● Task to complete: The records are to be copied word for word, and the pictures dropped.

● Data for this task:
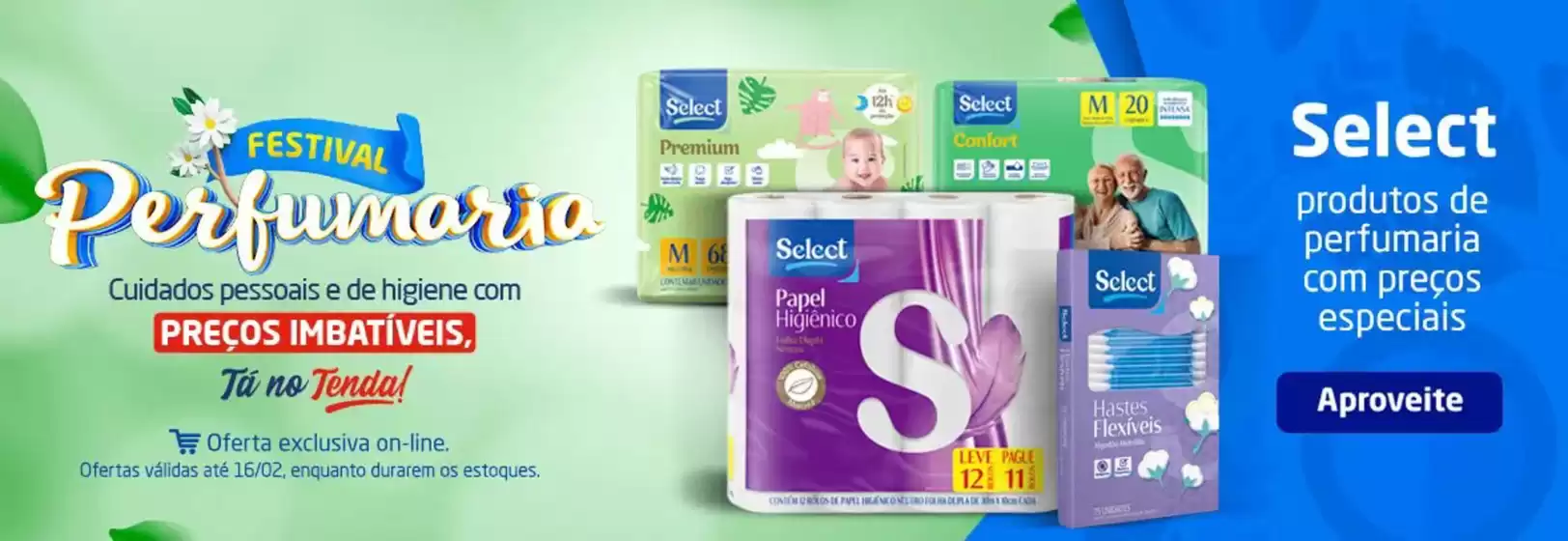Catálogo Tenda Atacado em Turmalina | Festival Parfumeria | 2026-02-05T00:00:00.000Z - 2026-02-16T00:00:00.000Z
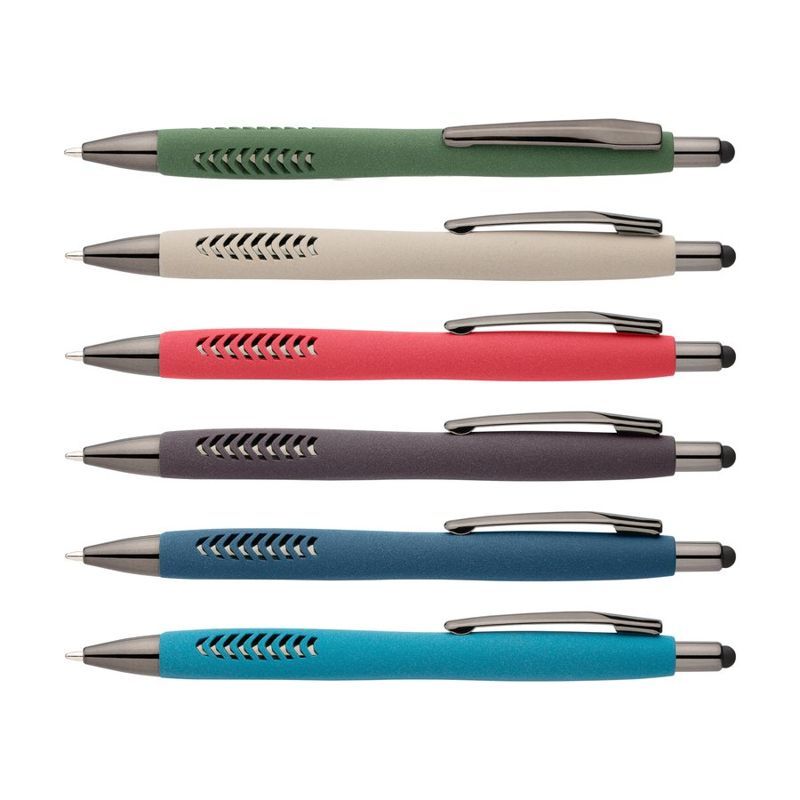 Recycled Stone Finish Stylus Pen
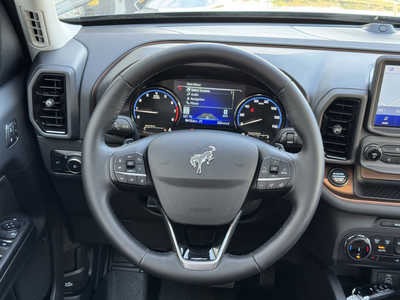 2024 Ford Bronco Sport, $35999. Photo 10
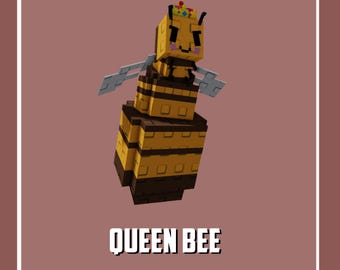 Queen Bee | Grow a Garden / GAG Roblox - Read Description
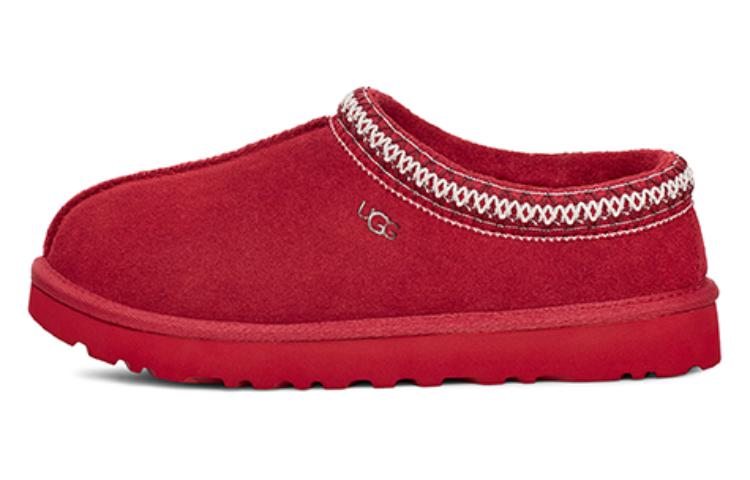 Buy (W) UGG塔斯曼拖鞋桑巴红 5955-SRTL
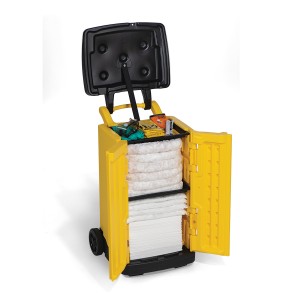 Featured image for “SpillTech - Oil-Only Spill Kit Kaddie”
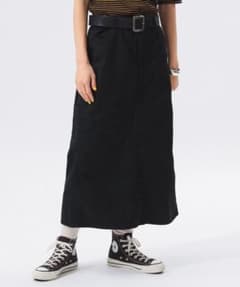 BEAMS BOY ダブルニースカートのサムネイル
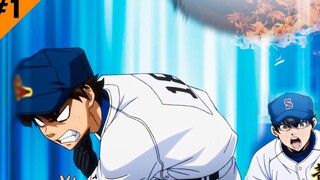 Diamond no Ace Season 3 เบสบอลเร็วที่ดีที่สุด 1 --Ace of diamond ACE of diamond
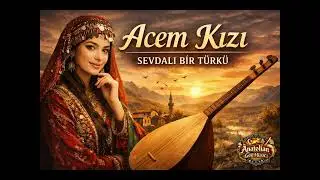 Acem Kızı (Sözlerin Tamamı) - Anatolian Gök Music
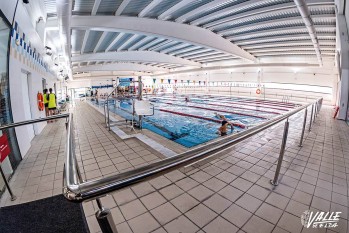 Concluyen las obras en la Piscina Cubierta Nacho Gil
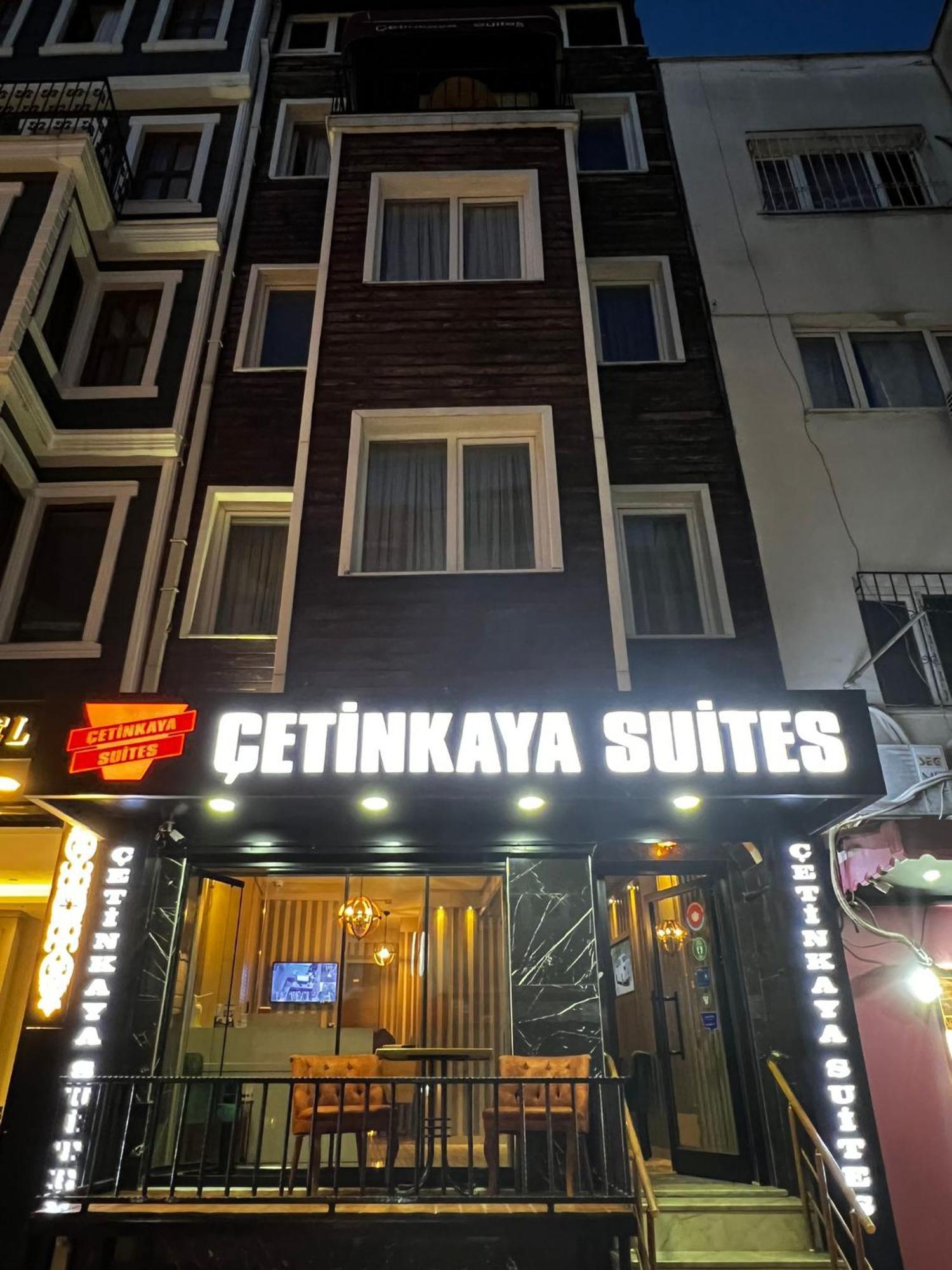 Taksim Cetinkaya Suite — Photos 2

● Exercise answer:
Catálogo Tenda Atacado em Turmalina | Festival Parfumeria | 2026-02-05T00:00:00.000Z - 2026-02-16T00:00:00.000Z
 Recycled Stone Finish Stylus Pen
 2024 Ford Bronco Sport, $35999. Photo 10
 Queen Bee | Grow a Garden / GAG Roblox - Read Description
 Buy (W) UGG塔斯曼拖鞋桑巴红 5955-SRTL
 Featured image for “SpillTech - Oil-Only Spill Kit Kaddie”
 BEAMS BOY ダブルニースカートのサムネイル
 Diamond no Ace Season 3 เบสบอลเร็วที่ดีที่สุด 1 --Ace of diamond ACE of diamond
 Acem Kızı (Sözlerin Tamamı) - Anatolian Gök Music
 Concluyen las obras en la Piscina Cubierta Nacho Gil
 Taksim Cetinkaya Suite — Photos 2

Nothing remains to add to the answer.